Unfortunately, it’s not real.

First I’ll point out the obvious: The cat is off-camera when it “speaks” because painstakingly editing video to make its mouth move in sync is a much more difficult task than dubbing in a vocal file.

Secondly, a careful listening with headphones makes it clear the “Hello” and “Are you coming?” are not from the same source as the meow, and the directional mix isn’t right. The sound should be distorted and should be directional if it’s coming from a cat in the next room, to the right of the person recording the scene on a smartphone.

This was an audio cut and paste job without much attention paid to detail. The video’s creator didn’t bother panning the clip.

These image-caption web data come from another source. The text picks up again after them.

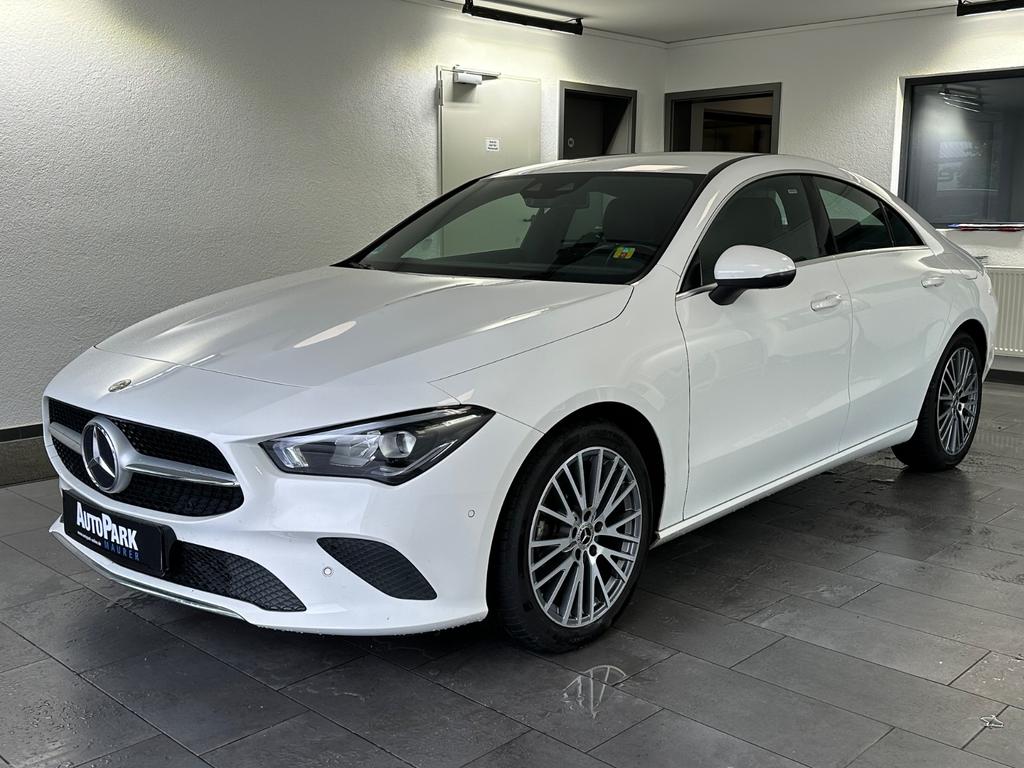 Mercedes-Benz CLA 200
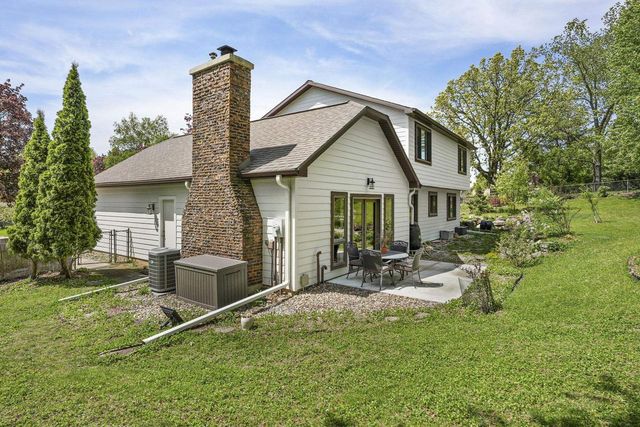 37 Harwood Circle, Madison, WI 53717
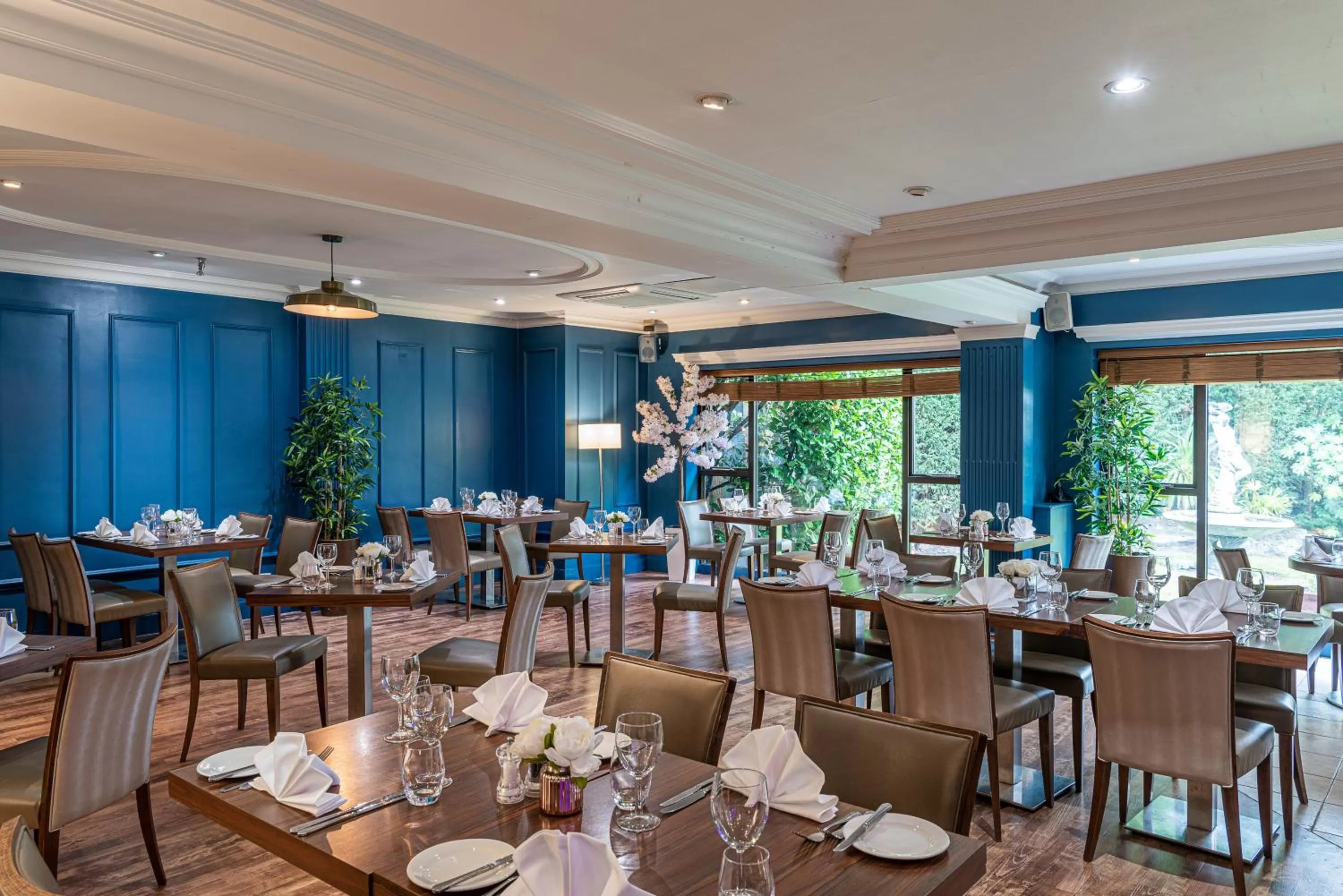 Restaurant/places to eat in Holiday Inn - Manchester - Oldham by IHG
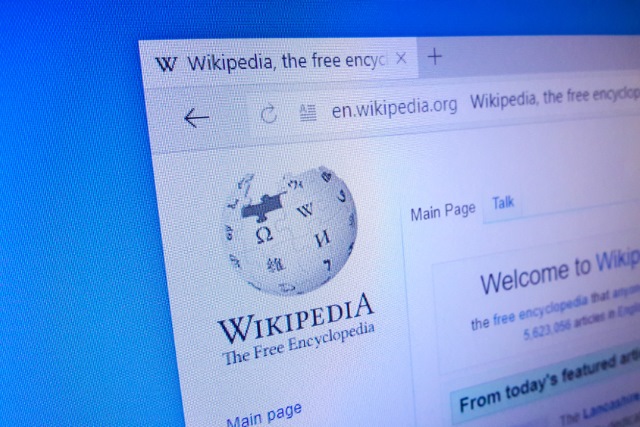 Get links from Wikipedia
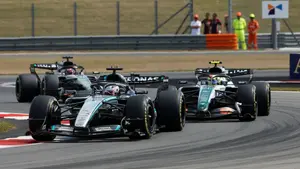 Koniec równej walki w F1? McLaren traci setne części sekundy przez sekret Mercedesa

But perhaps most damning of all, the sound looks wrong. I isolated clips of the cat “speaking” in a wave editor — an old copy of the ultra-reliable Cool Edit Pro — and compared them to various samples of cat meows pulled from the Internet and sampled from Buddy himself.

When visualized in an audio editor, “the waveform of speech is complex and variable, reflecting the variety of vowels and consonants that are used and the dynamic nature of speech articulation.”

In other words, you can see the stops and starts of human speech and the articulations of different sounds reflected in how the audio appears visually. This is because we have fine motor control over our vocal apparatus, something animals lack. (A 2016 Princeton study determined macaques, for example, have the necessary vocal anatomy to mimic human speech, but they don’t have the “brain circuitry” to form the precise articulations.)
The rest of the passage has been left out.